Thursday, August 20, 2009

Health Insurance Facts, Part 2: Why is Medical Insurance Different?

Link: Health Insurance Facts, Part 1

I have been brooding over the question of "Why Medical Insurance is Different" for many days now, trying to get succinct evidence to share. I have found it, and will present it shortly.

Medical insurance seems to have been first considered in 1694 [1], and first introduced into the United States in 1850 [2]. It was intended to cover injuries due to accidents, and seems to have been related to modern disability insurance. Sickness insurance followed in 1890, and employer-sponsored group disability insurance was first issued in 1911. [1]

Hospital and medical expense policies were introduced during the first half of the 20th century. During the 1920s, individual hospitals began offering services to individuals on a pre-paid basis, eventually leading to the development of Blue Cross organizations. The predecessors of today's Health Maintenance Organizations (HMOs) originated beginning in 1929, through the 1930s and on during World War II. [1]
The wage controls imposed during World War II are often cited as the leading cause of the importance of employer-sponsored medical insurance. With companies unable to offer greater wages to their workers by law, they turned to fattened benefits in order to compete for talented workers.
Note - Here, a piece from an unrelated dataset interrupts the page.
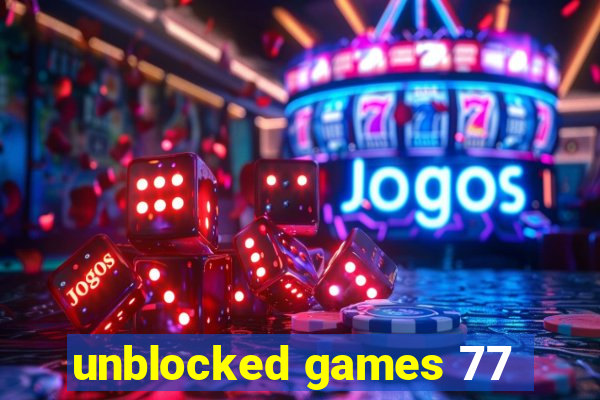 unblocked games 77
Medical insurance policies covered more things as a result. This was fine for those individuals and families whose employers provided such benefits, but did no good for those employed elsewhere, such as by small businesses unable to afford such benefits, or unemployed (whether voluntarily or not).

Enter the states. Before I describe insurance mandates, let me take a moment to address the question of federal regulation of interstate commerce of health insurance.

The Health Care Choice Act, a bill introduced unsuccessfully into the House of Representatives in 2005 and 2007 has attempted to allow medical insurance to be sold across state lines, amending the Public Health Service Act (42 U.S.C. 300gg et seq.). I need more time to determine whether sections 300gg et seq. prevents interstate commerce with respect to medical insurance policies, but I think it is safe to say that if a bill in Congress is attempting to achieve the opposite, then it is safe to assume (for this article) that Congress has in fact prevented it.

Therefore, states have a monopoly on the chartering and regulation of medical insurance companies. Large insurers compete in states by creating (or acquiring) a subsidiary in the state in which they wish to do business, but all policies therein are unique to that state, even though the subsidiary is financially backed up by a multi-state parent insurance company. This type of organization raises the costs of entering the market in another state, and is therefore a barrier of entry to competition, and is one factor in the oft-cited fact that a few large insurers dominate the market in many states.

Add to this barrier of entry the manifold regulations by the states of what must be in policies. The Center for Affordable Health Insurance has catalogued 2,133 policy benefits mandated by the states in a 2009 report (pdf). (These 2133 mandates overlap considerably.) The report shows the mandates by state, and estimates the contribution of each mandate to the cost of the state's required policy. This means that medical insurance has evolved, under employers' hands and the state governments' hands, into something more comprehensive. What was once known simply as Accident Insurance, then (over time and as coverage increased) Hospital Insurance, Major Medical Insurance, and just plain Medical Insurance, now is known as Health Insurance, covering arcane things such as contraception and AIDS testing.

The method of payment for claims has also changed considerably over time. Insurance policies were once "indemnity" policies, meaning that we submitted our own claims and were reimbursed afterwards for whatever was covered. Later, insurance companies formed Health Maintenance Organizations (HMOs) and Preferred Provider Organizations (PPOs). In HMOs, the insurance companies own and operate the means of providing care, and employ the doctors and nurses. In PPOs, the insurance companies negotiate fees with the providers, and do not necessarily own the means of providing care. In HMOs, we pay whatever is not covered by our policy, and there is no extra paperwork between the provider and the insurer. In PPOs, the provider generally bills our insurer on our behalf, and collects the difference between what is covered and what is not directly from us. Preferred providers go a step further by waiving any part of their usual fee not allowed by the insurer (due to fee negotations). In short, we have become separated from the costs of care, because we no longer bear the full cost, no matter how temporarily, because the providers and insurers float the costs through their accounts payable/receivable. We once did the paperwork with the insurer for free; now we (or rather, our insurer) pay the provider to do it on our behalf.

I am forced to conclude that medical insurance is different from auto insurance and home insurance because we the people, ostensibly through our employers and elected representatives, have chosen it to be this way, for better or worse.